Grâce à Dieu: la divine loi du silence
Alors qu’on a voulu lui imposer le silence, François Ozon brise le mutisme et libère plutôt la parole avec Grâce à Dieu.
En développant une fiction inspirée de faits réels entourant les accusations de pédophilie contre un prêtre, François Ozon ne pensait pas l’avoir facile. Mais de là à voir son nouveau film passé à un cheveu d’être tabletté en attendant les conclusions juridiques?
«C’était une forme de censure déguisée, indique-t-il lors de son passage à Montréal. Les procès devaient avoir lieu en 2018, mais ils ont été repoussés. On ne sait toujours pas quand ils vont se tenir… La justice a tranché en disant que la liberté d’expression était un principe fondamental et que ce film pouvait être d’utilité publique.»
«Heureusement, on était en France. Dans un autre pays, peut-être que le film ne serait pas sorti.»

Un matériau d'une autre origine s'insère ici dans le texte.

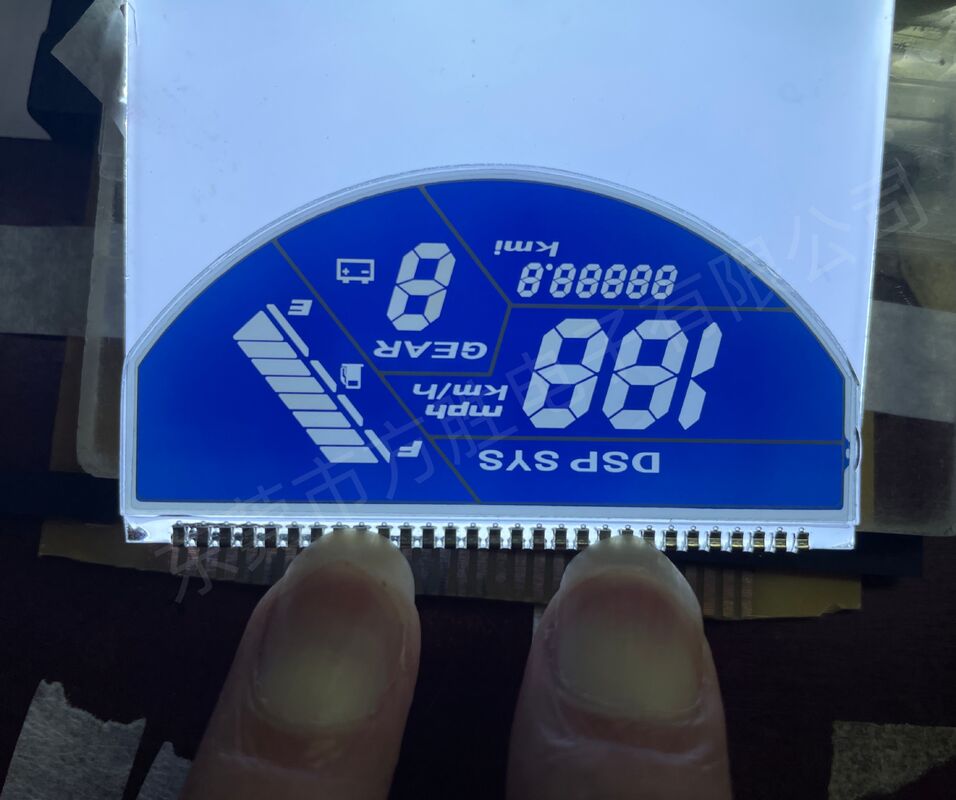 Kundenspezifische blaue Film Motorrad LCD-Bildschirm LCD-Monochrom-Anzeigen Halbkreisförmiger Tachometer LCD-Anzeige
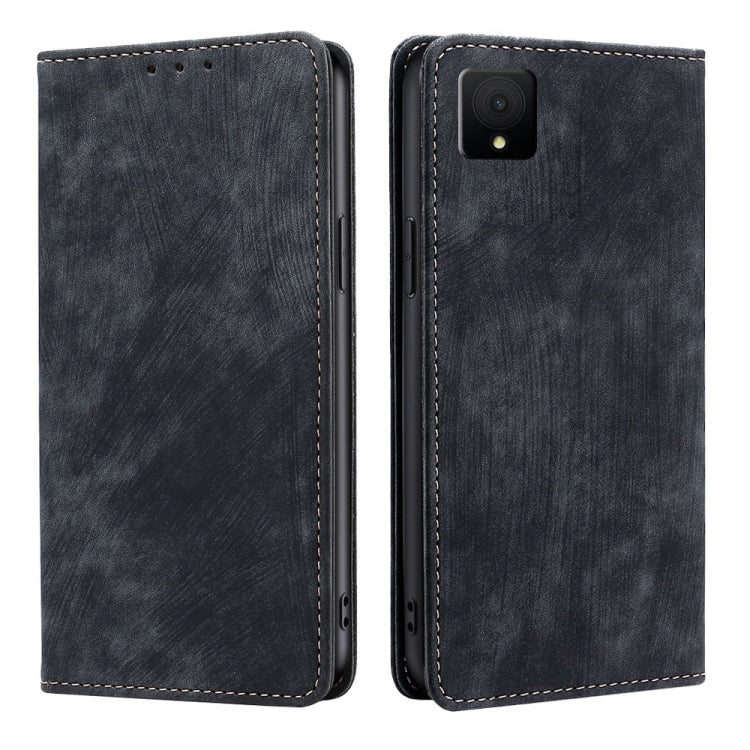 Funda de Cuero Magnética para Teléfono TCL 502 con Cepillo Antirrobo Rfid (Negro)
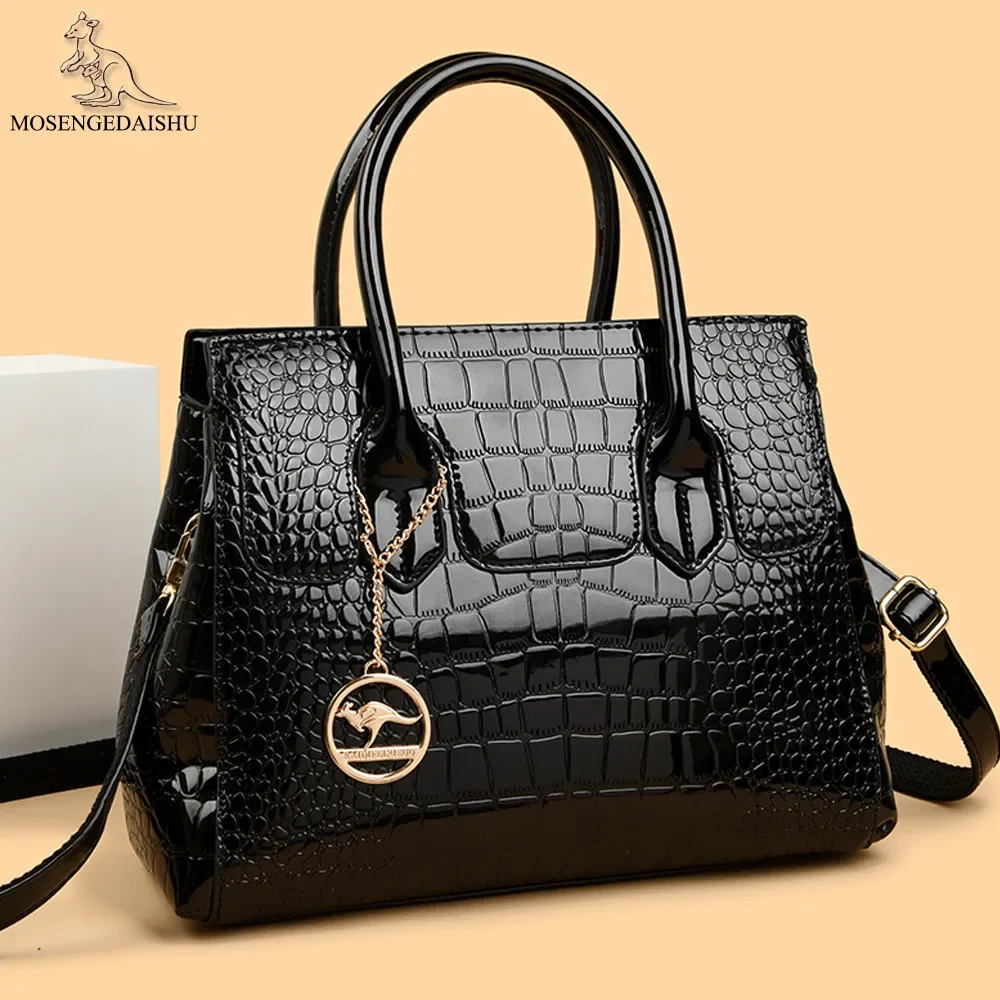 Luxury Designer Crocodile Handbag Female High Quality Oil Leather Purses and Handbags Casual Shoulder Messenger Bags for Women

«Je me suis rendu compte très vite que si je n’avais pas été un cinéaste connu, que j’avais été un jeune réalisateur qui fait son premier film avec un tel scénario, je n’aurais jamais réussi à monter ce film.» –François Ozon, qui signe avec Grâce à Dieu son 18e long métrage.
Avec un sujet aussi délicat, le réalisateur a évidemment eu de la difficulté à trouver de l’argent pour le financer.

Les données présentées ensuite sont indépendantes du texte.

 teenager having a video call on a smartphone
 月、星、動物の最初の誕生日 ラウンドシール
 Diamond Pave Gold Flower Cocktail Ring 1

«Ce n’est pas un sujet bankable, résume-t-il en riant. Quand vous amenez à vos producteurs un film sur la pédophilie dans l’Église, ils ne vous accueillent pas comme si c’était la prochaine comédie française à succès!»
Mais il a persisté, contre vents et marées, encouragé par ses acteurs (Melvil Poupaud, Denis Ménochet, Swann Arlaud) qui se sont investis dans ce projet qui leur tenait à cœur.
Afin de ne pas attirer l’attention, l’essai a été tourné dans le plus grand secret.
«On n’a pas menti, mais on n’a pas tout révélé, se remémore le metteur en scène. On a dit que c’est l’histoire d’hommes dans la quarantaine qui font le bilan de leur vie. Ce n’est pas faux.»
«C’était surtout pour ne pas être importuné pendant le tournage, ne pas avoir de pression et être complètement libre pour raconter ce que j’avais à faire.»
Une liberté chèrement acquise, vu le destin du long métrage, qui fait pourtant œuvre utile.
«Ce film a une portée citoyenne, affirme son créateur. La communauté catholique, en France, s’en est emparée. Il y a beaucoup d’évêques qui organisent des projections et des débats avec des fidèles pour discuter, pour réfléchir à l’avenir de l’église… Cinq nouvelles victimes de ce prêtre se sont d’ailleurs déclarées.»
«Quand on a été abusé, on pense toujours qu’on est seul, rappelle le cinéaste. Quand, tout d’un coup, on se rend compte qu’on est plusieurs, on peut unir nos forces. Ça amène d’autres personnes à pouvoir témoigner. Le film rassure les gens qui n’ont pas encore parlé, il les amène à oser libérer leur parole, même si c’est violent et toujours un peu dangereux.»